Furthermore, the energy sector has found itself the subject of a key parliamentary debate in which a cross-party group of MPs called for drastic measures to stop suppliers "ripping off" customers who they believe are already paying more than they need to.
This new mood makes it imperative that energy suppliers ensure they’re viewed as positively as possible by the public.They face strict limits on the way they can operate, as well as some hefty fines should they not comply.
What are the public’s perceptions?
Finding out what matters to the public is a key component of forming effective corporate reputations. To achieve this, Populus asked the public to reveal what measures would make them view the energy sector more positively.

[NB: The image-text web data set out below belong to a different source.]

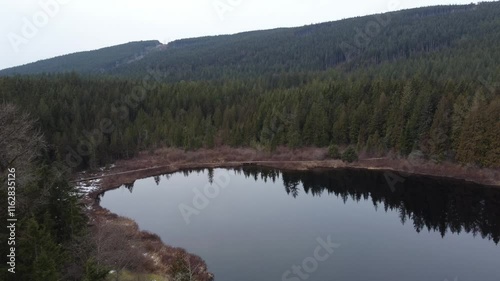 Wallpaper Mural Above the lake’s quiet waters and misty green mountains under gray skies Torontodigital.ca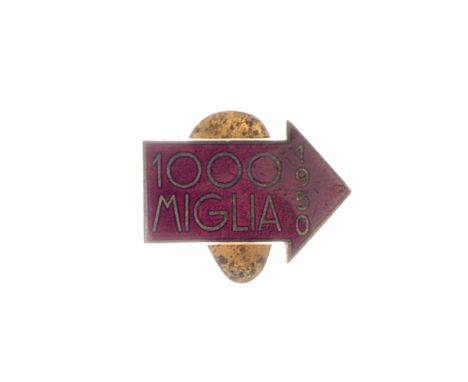 A 1950 Mille Miglia competitor's lapel badge by S.Johnson of Milan,brass arrow shaped badge with red enamel decoration, (1mm 
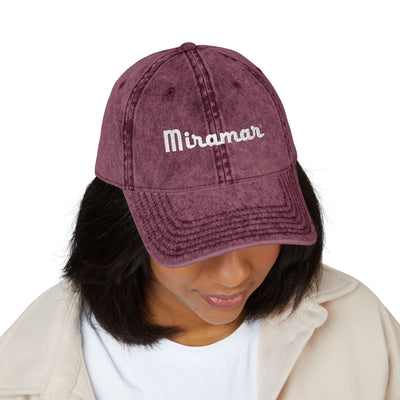 Women wearing a maroon cap with 'Miramar' text on a white background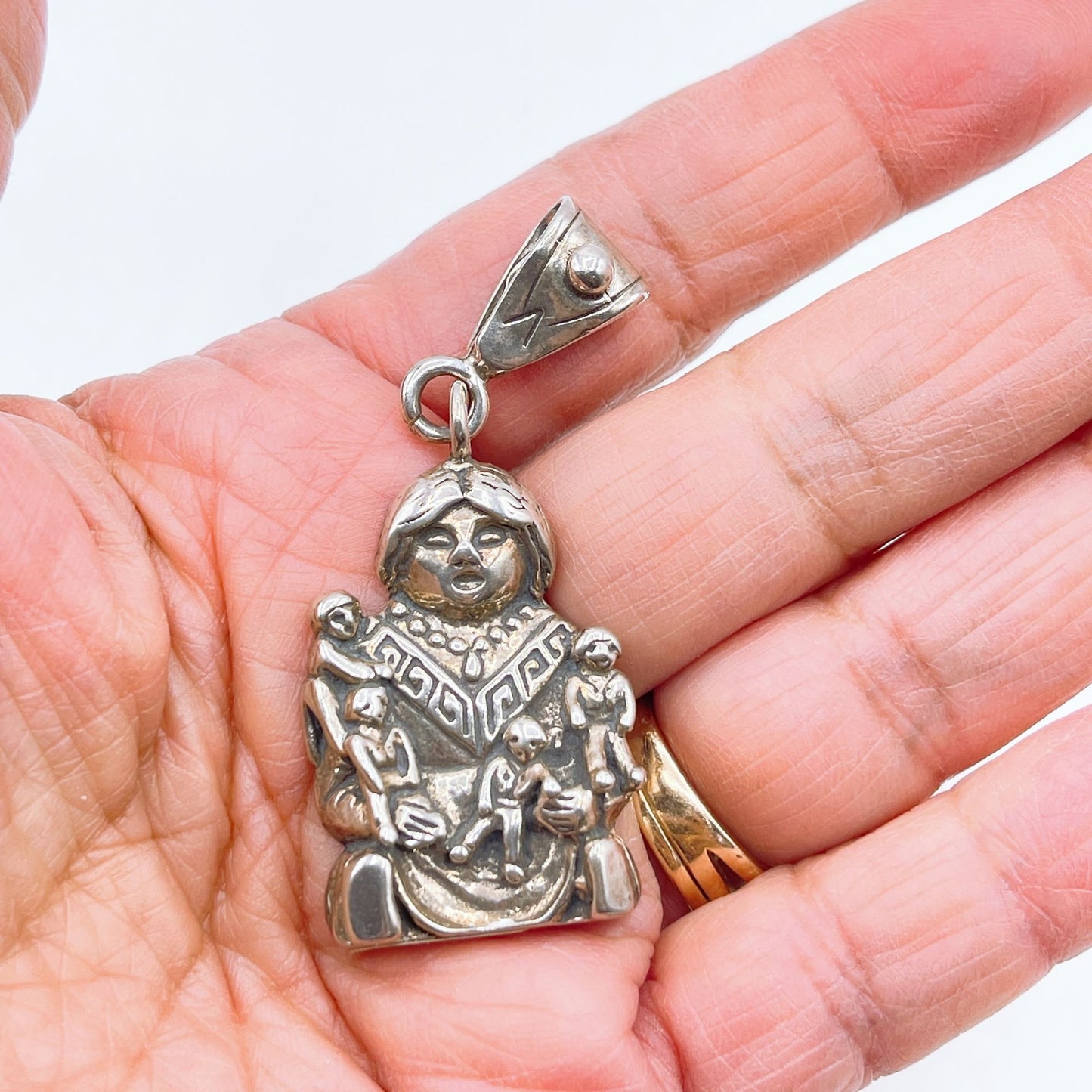 Native American Storyteller Sterling Silver Pendant With Intricate Detailing
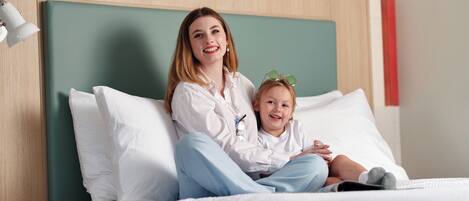 A bed with white bedding and a wooden headboard.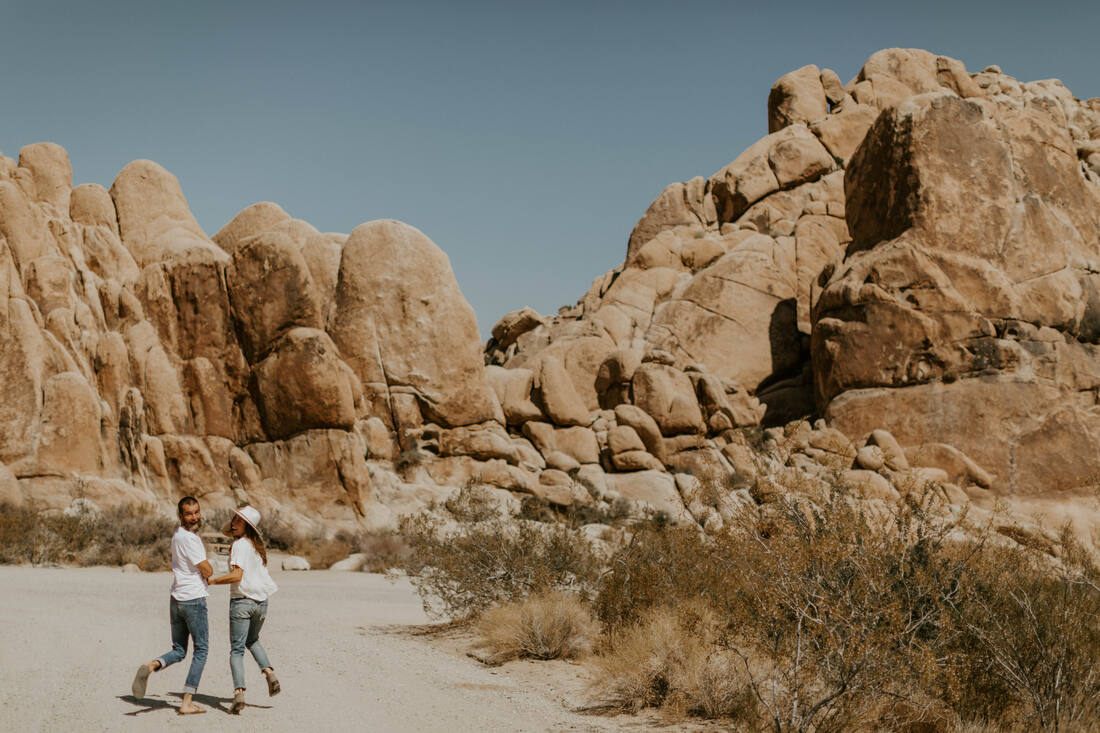The couple sitting atop large granite boulders in Joshua Tree National Park, from later in the session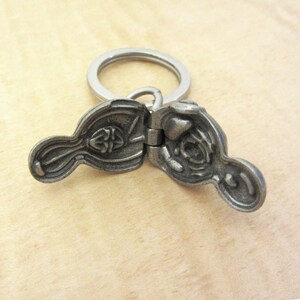 May include: A pewter-colored, hinged keychain pendant with a Celtic knot design. The pendant is open, revealing the interior details. A silver-colored keyring is attached to the pendant.
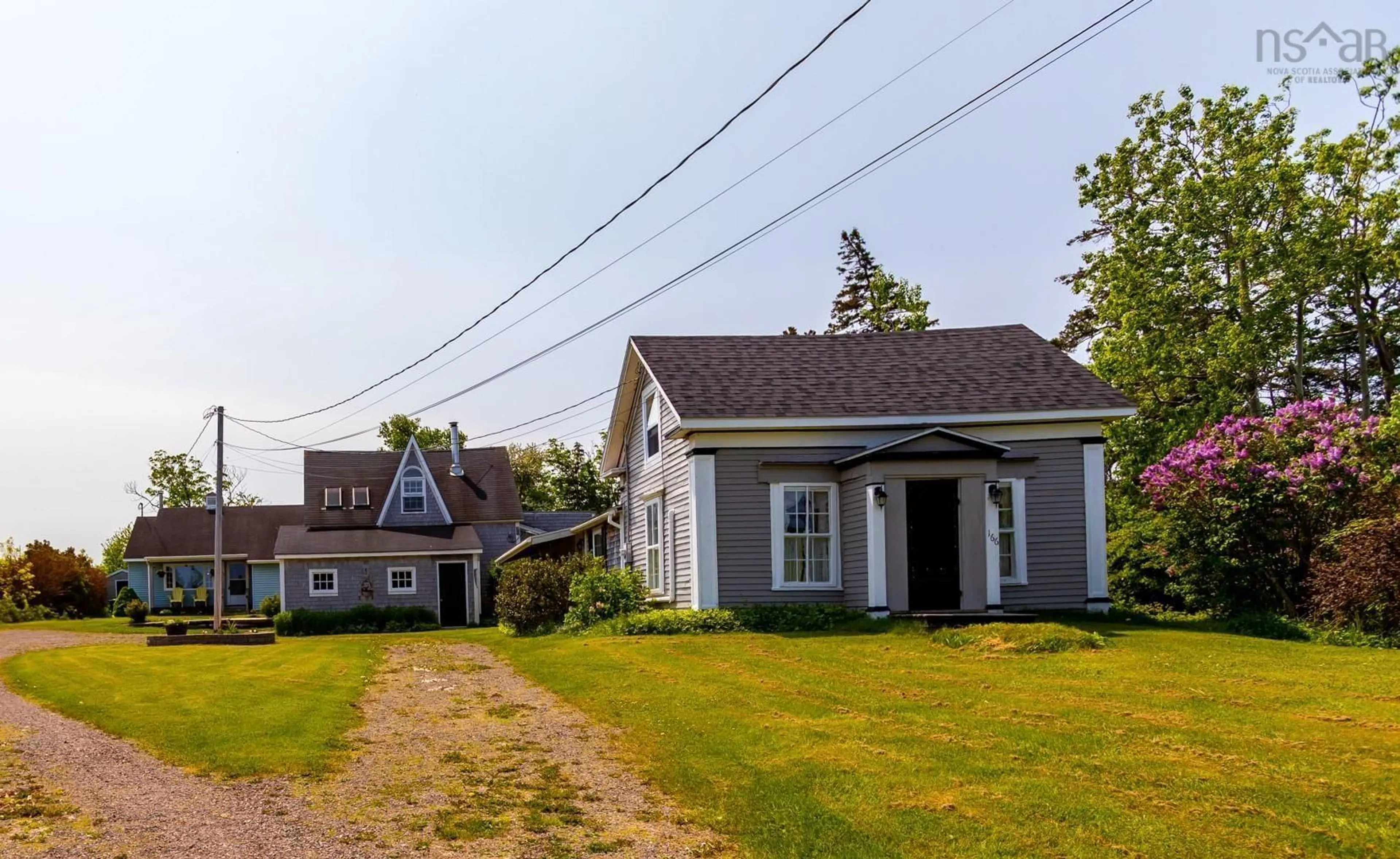 A pic from outside/outdoor area/front of a property/back of a property/a pic from drone, street for 166-168 Seaman St, Margaretsville Nova Scotia B0S 1N0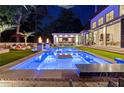 Beautiful backyard pool and outdoor living area with lounge seating, umbrellas, and fire pits at dusk at 3451 Paces Valley Nw Rd, Atlanta, GA 30327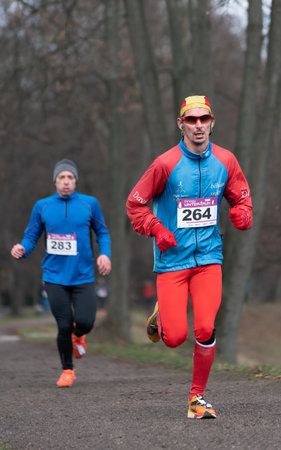Ostrava, Czechia - 02.04.2023: Vertical shot of male runners in sportswear competing during winter amateur run race. Run competition during cold winter day. Innogy winter run.のeditorial素材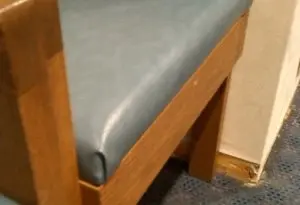 Before chair was reupholstered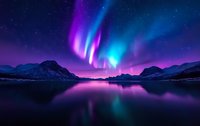 Spectacular aurora borealis dancing over mountain lake with vibrant purple and blue colors reflecting in calm water surface against starry night sky and silhouetted peaks.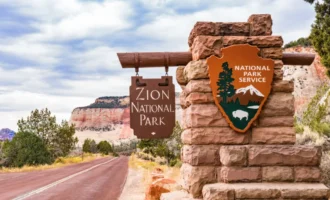 Zion National Park entrance sign with red rock cliffs and scenic road in southern Utah.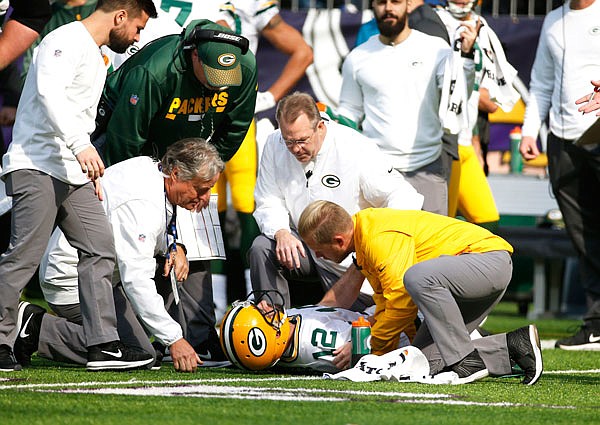 Packers quarterback Aaron Rodgers (12) is attended to by medical staff after being hit by Vikings outside linebacker Anthony Barr in the first half of Sunday's game in Minneapolis.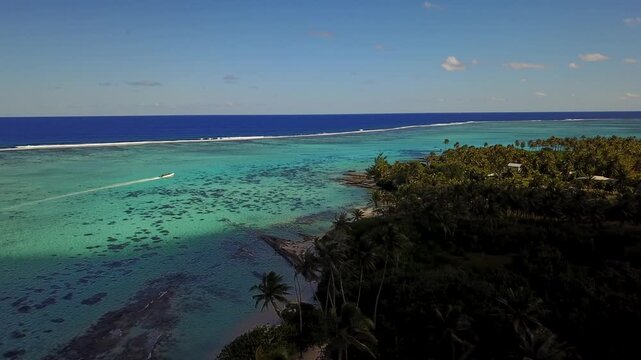 Aerial drone view over tropical island coast with clear blue lagoon and coral reefs.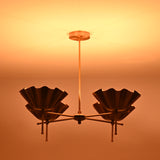 Side view of brass shell shade chandelier illuminated in low light for atmospheric effect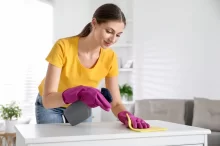 žena utírá nábytek hadříkem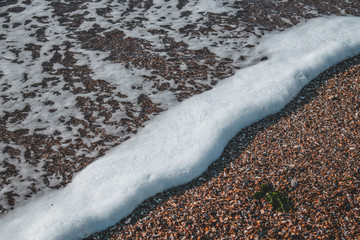Beautiful background of natural looking sea and sand with green seaweed, sea foam kissing the beach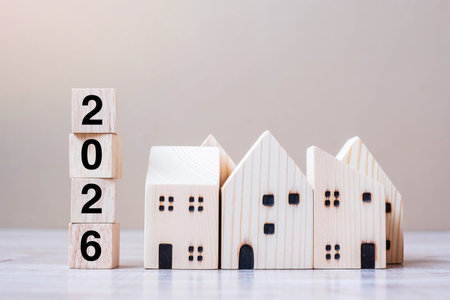 2026 Happy New Year with house model on table wooden background. Banking, real estate, investment,...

It is perhaps no surprise that cost was at the forefront of people’s minds, with freezing prices cited as the top thing suppliers could do to improve reputation. British Gas certainly did itself a favour,therefore,when it announced in February that it would extend its price freeze, originally due to end in April, until August.
Investing in clean energy and offering rewards to smart-meter customers are examples of measures that are likely to improve perceptions, while investing in nuclear power could be detrimental to suppliers’ reputations.
Understanding the attitudes that have shaped their current reputations is crucial for energy suppliers of all sizes, before devising a strategy to improve their reputation.
Public perceptions of the energy sector have helped to identify the challenges facing suppliers and the ways in which the sector can engage the public; a public which, for the most part, just isn’t listening.
Effective messaging is key
Defining what needs to be done to improve reputation and implementing the necessary changes is only half the battle.Suppliers must then communicate these changes to the public if they stand any chance of changing people’s perceptions and improving their corporate reputations.
Of course, this presents suppliers with a new challenge. How can they communicate effectively with a public that isn’t really interested?
Speaking to consumers on the issues that matter to them is the first step. Responses to open-ended questions reveal that fairness is a key priority for energy customers. Fair charges, keeping prices as low as possible and being on the lowest- priced tariff or the best deal all came top.
Suppliers also need to engage consumers via the most appropriate channels to maximise the chances of
getting their messages across successfully. Populus research found that email and direct mail are the preferred channels, while messages delivered via social media and radio are likely to fall on deaf ears.
There are very few channels through which to engage customers effectively. This means that when it comes to energy suppliers’ communications, particularly via email and direct mail,every message matters.
Whatever they choose to communicate, suppliers need to make it known that everything they do is in their customers’ best interests.
An emphasis on fairness and trustworthiness will help to engage a sceptical,price-hike-weary public. If suppliers achieve this, they will be well on their way to improving their reputations.
What next for the energy sector?
The unprecedented changes the sector has faced in recent years has had an impact on suppliers of all sizes.All of them can learn from detailed consumer insights on the behaviours and attitudes that make up their customer base and indeed the wider landscape.
By targeting communications, energy suppliers can better serve their customers and improve public perceptions not only of themselves, but of the energy sector as a whole.